### Task brief
Look through the records below for the line holding "Konv. Osterdeko, 3". Write it out exactly, with each following line through the line holding "Gafas de sol".

### Data
------------------------------

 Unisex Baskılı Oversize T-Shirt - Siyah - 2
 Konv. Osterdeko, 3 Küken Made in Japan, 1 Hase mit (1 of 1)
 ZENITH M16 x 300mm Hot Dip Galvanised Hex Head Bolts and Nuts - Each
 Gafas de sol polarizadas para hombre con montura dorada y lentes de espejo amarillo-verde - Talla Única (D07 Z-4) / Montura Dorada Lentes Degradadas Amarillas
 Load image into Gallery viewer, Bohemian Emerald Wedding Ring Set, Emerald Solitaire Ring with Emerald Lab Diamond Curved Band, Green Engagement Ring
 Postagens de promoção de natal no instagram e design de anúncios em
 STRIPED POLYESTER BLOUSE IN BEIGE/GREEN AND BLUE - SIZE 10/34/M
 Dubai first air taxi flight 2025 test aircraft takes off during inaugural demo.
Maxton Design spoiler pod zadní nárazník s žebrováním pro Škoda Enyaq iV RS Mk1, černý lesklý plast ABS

------------------------------

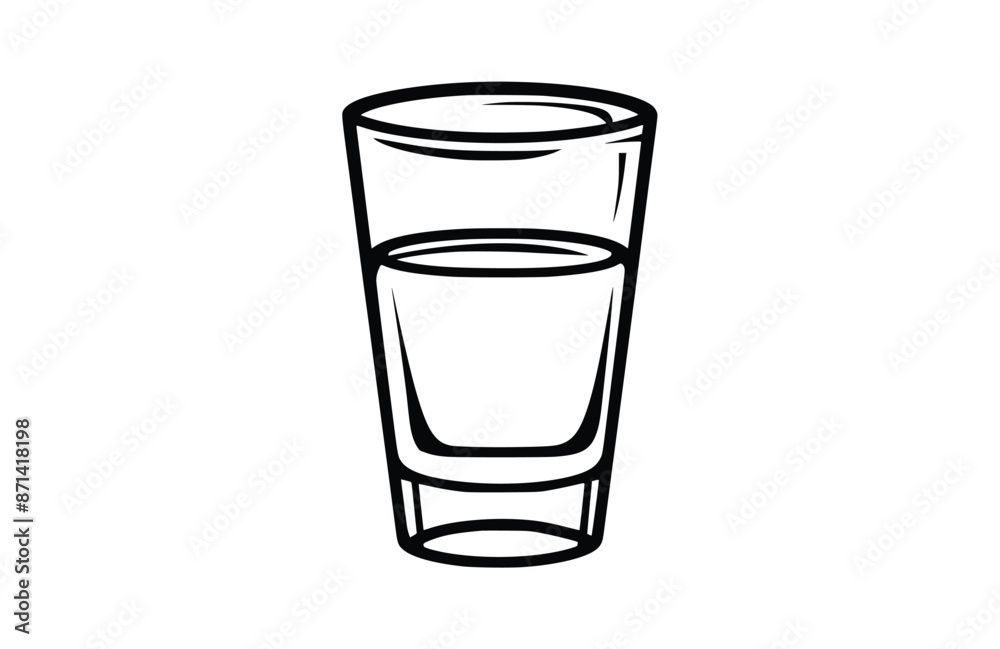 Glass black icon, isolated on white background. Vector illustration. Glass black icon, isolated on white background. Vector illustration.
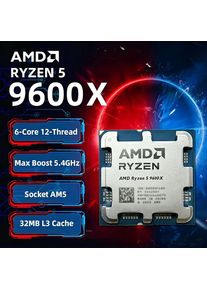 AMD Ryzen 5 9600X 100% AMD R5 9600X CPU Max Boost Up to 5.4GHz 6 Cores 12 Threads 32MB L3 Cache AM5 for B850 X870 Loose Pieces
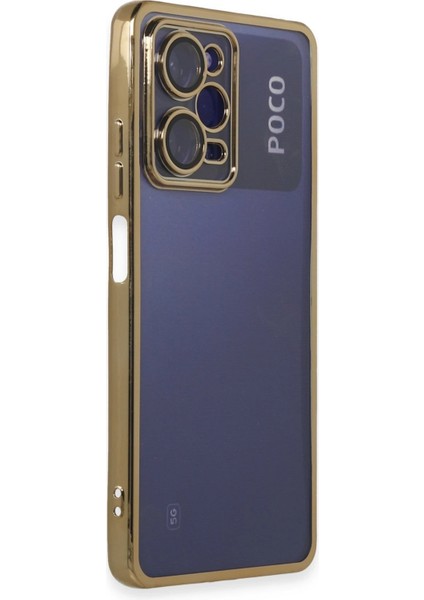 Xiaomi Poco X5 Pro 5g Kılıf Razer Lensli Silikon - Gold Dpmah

------------------------------

### Expected output
 Konv. Osterdeko, 3 Küken Made in Japan, 1 Hase mit (1 of 1)
 ZENITH M16 x 300mm Hot Dip Galvanised Hex Head Bolts and Nuts - Each
 Gafas de sol polarizadas para hombre con montura dorada y lentes de espejo amarillo-verde - Talla Única (D07 Z-4) / Montura Dorada Lentes Degradadas Amarillas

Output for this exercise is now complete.